When designing a new processing class, it is important to clearly identify the abstract class that will provide the base functionalities needed to process the dataset. A list of available abstract classes is provided below.

The abstract methods from the chosen abstract processing class will provide the guidelines for designing the processing class. If something cannot be done with the selected base class, it is probably too specific for the processing to be implemented. Work up the inheritance chain to find the appropriate abstract class.

Every processing class should come with its own set of tests. Browse the tests/ folder for implementation examples of tests. There are several types of tests that can be written:

  • Unit tests ensure the code logic is working as expected.

  • Regression tests ensure that the processing steps work correctly when used together.

2. Base classes

Here are some of the abstract classes available for designing new processing classes.

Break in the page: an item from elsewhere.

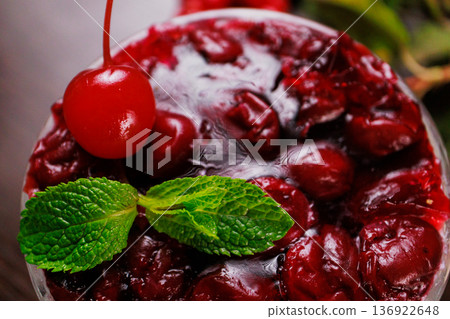 Dessert of pickled cherries with cream in a glass 136922648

More information is available in the API documentation.

  • Bases classes:
    • AbstractProcessing

    • DatasetFileProcessing

    • DatasetProcessingWithContainer

  • Dataset utilities
    • AbstractFileRemover

  • Dataset processing
    • AbstractTokenizer

    • AbstractJoernProcessing

    • Neo4J3Processing

    • AbstractASTMarkup

  • Feature extraction
    • GraphFeatureExtractor

    • FlowGraphFeatureExtractor

  • Feature reduction
    • AbstractFeatureSelector

  • Models
    • ClassifierModel